Calamos protected Bitcoin ETFs gain inflows as spot funds see outflows
Calamos reports inflows into its protected Bitcoin ETFs, contrasting with redemptions in spot Bitcoin ETFs, as wealth managers seek structured crypto exposure.

Calamos Investments says its protected Bitcoin ETFs are attracting inflows even as spot Bitcoin ETFs face redemptions, signaling growing demand for structured crypto products among wealth managers.
The firm structures these ETFs using U.S. Treasuries and options tied to Bitcoin-linked indexes, offering downside protection while maintaining upside exposure. This approach appeals to advisors who want crypto exposure without the full volatility of spot holdings.

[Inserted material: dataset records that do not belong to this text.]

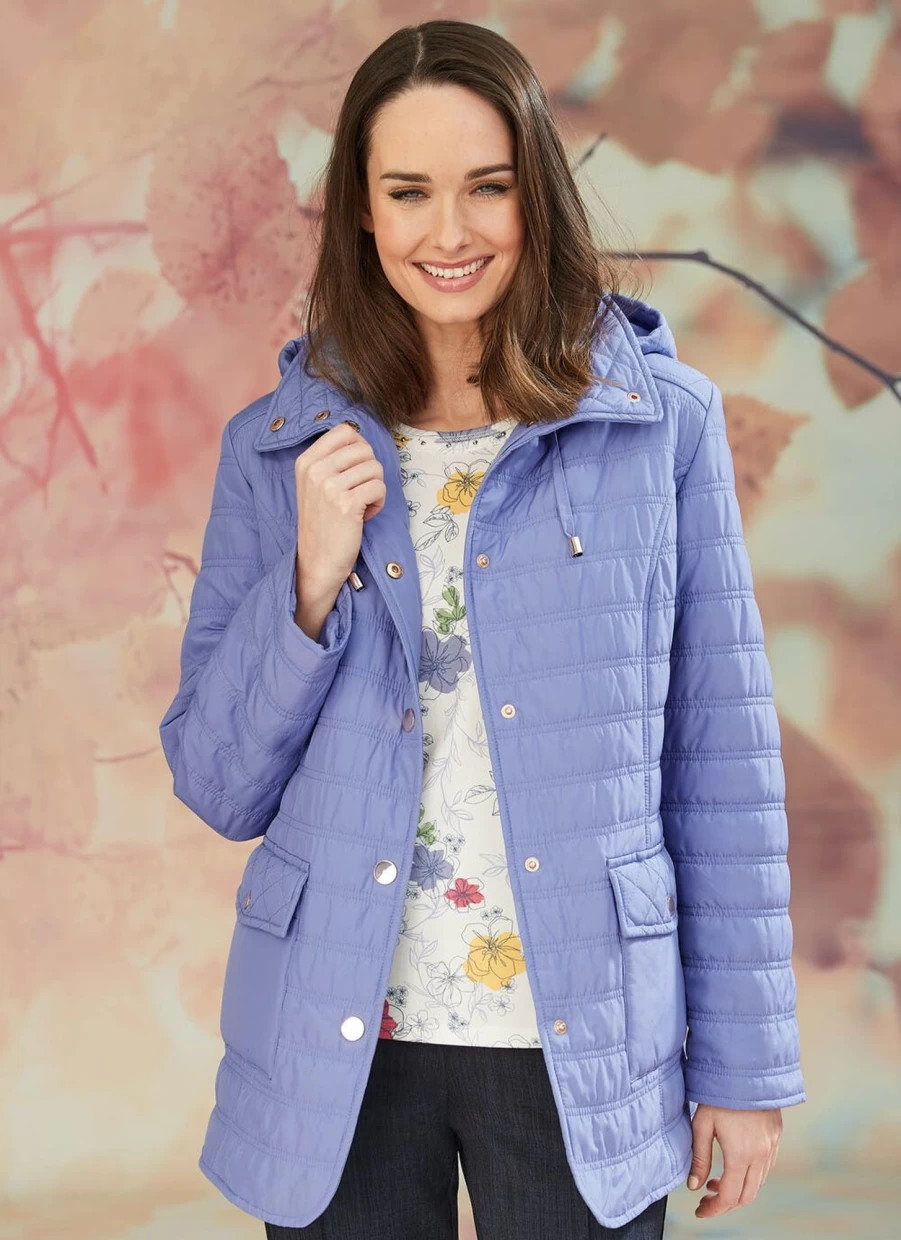 Isle Women's Quilted Coat - Stylish Lightweight Jacket for Winter Fashion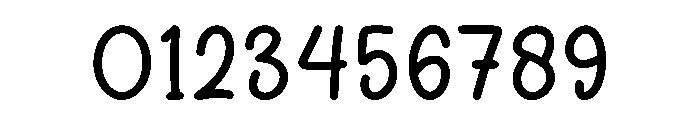 Dreaming Homemade Font OTHER CHARS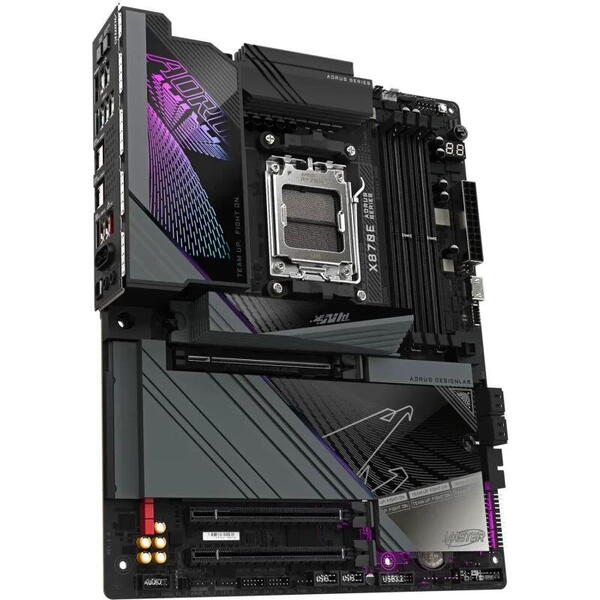 Gigabyte X870E AORUS MASTER, AM5, DDR5, Wi-Fi, BT, ATX, Negru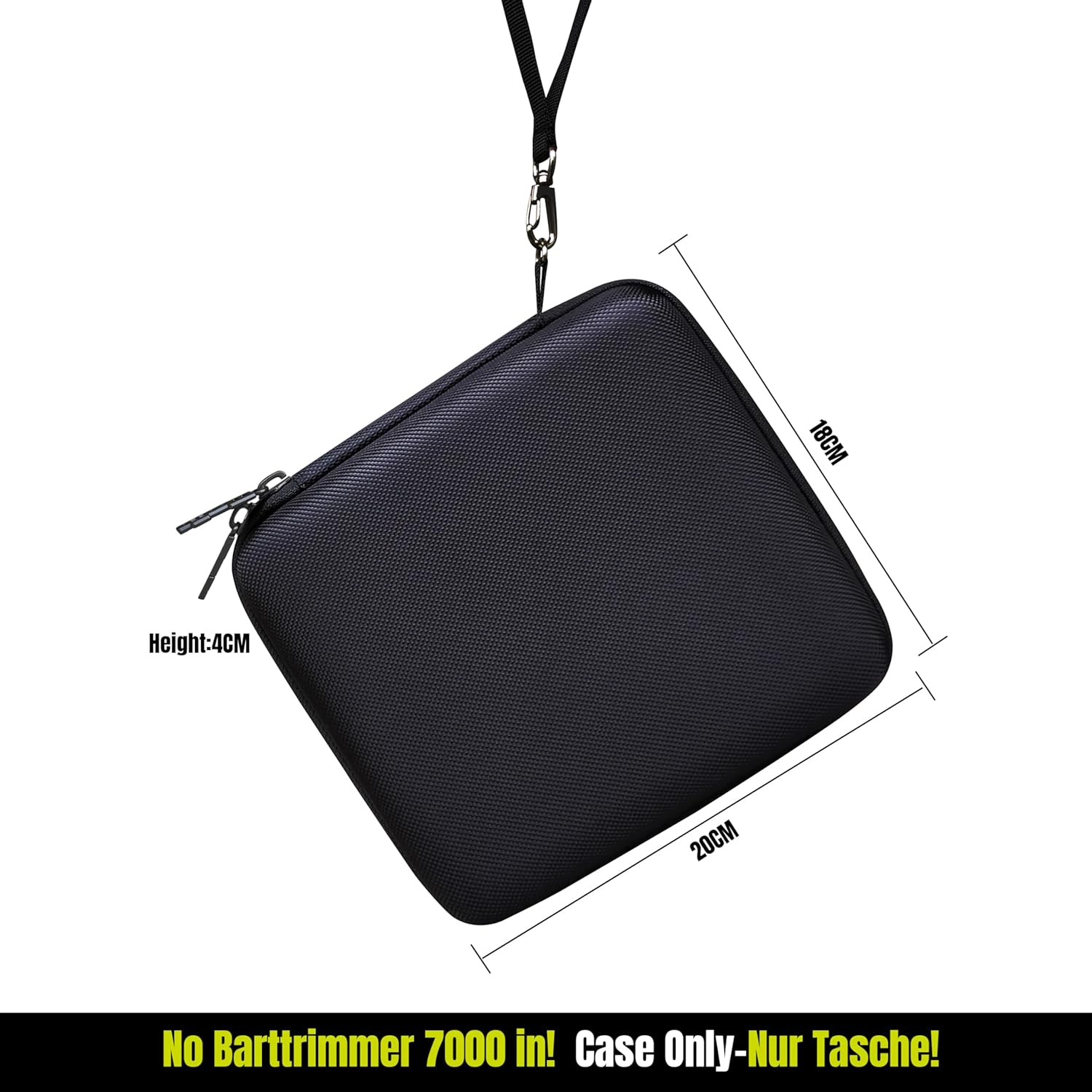 Étui de rangement rigide pour tondeuse Philips Series 7000, étanche, compact, MG7930/15 MG7950/15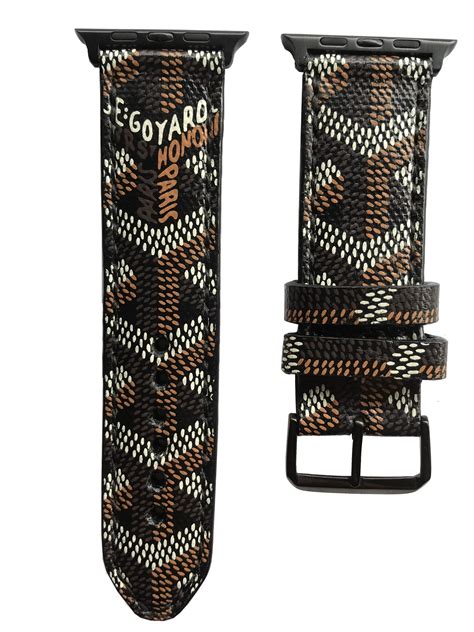 goyard iwatch bands|luxury band for apple watch.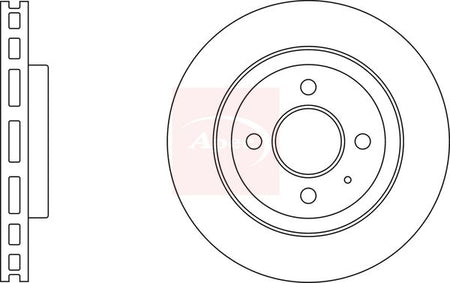 Apec DSK3026 Brake Disc - 1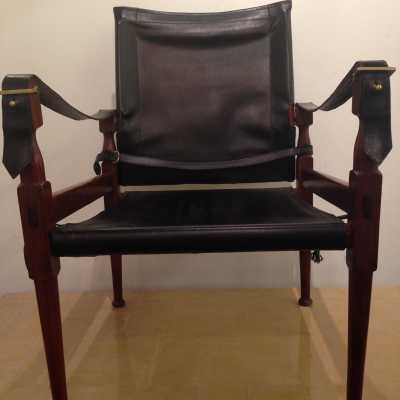 Paire de fauteuils Safari circa 1950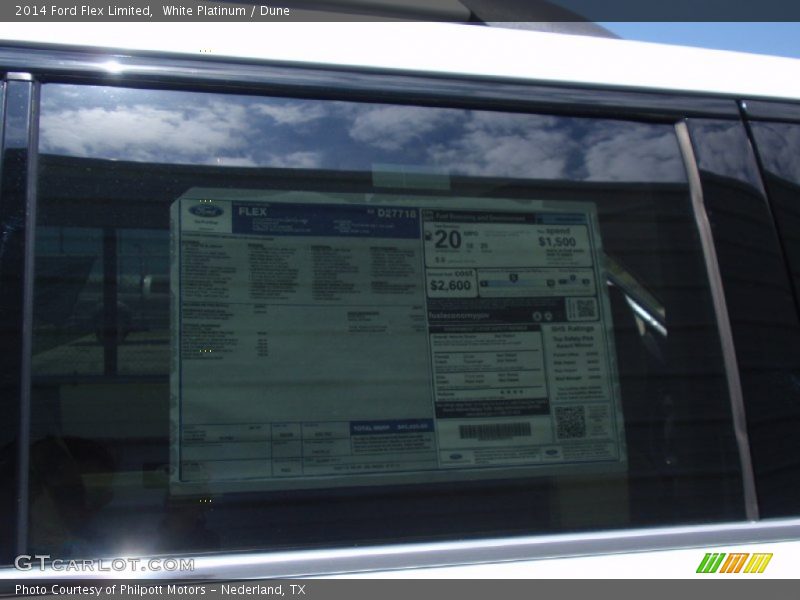 White Platinum / Dune 2014 Ford Flex Limited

Calamos notes that wealth managers are becoming more sophisticated in evaluating crypto allocations, moving beyond simple buy-and-hold strategies.
For crypto traders, the divergence between protected and spot ETF flows highlights a maturing market where risk management tools gain traction. Protected ETFs may reduce selling pressure during downturns, as investors hold rather than redeem. NowPrice's real-time crypto quotes show Bitcoin's price action remains volatile, reinforcing the appeal of structured products.
Looking ahead, Calamos expects Bitcoin volatility to remain a defining feature, which could sustain demand for protected ETFs. Meanwhile, Bitwise reports surging investor demand for Hyperliquid exposure as new HYPE ETFs launch, indicating continued innovation in the crypto ETF space. Traders should monitor ETF flow data for shifts in sentiment.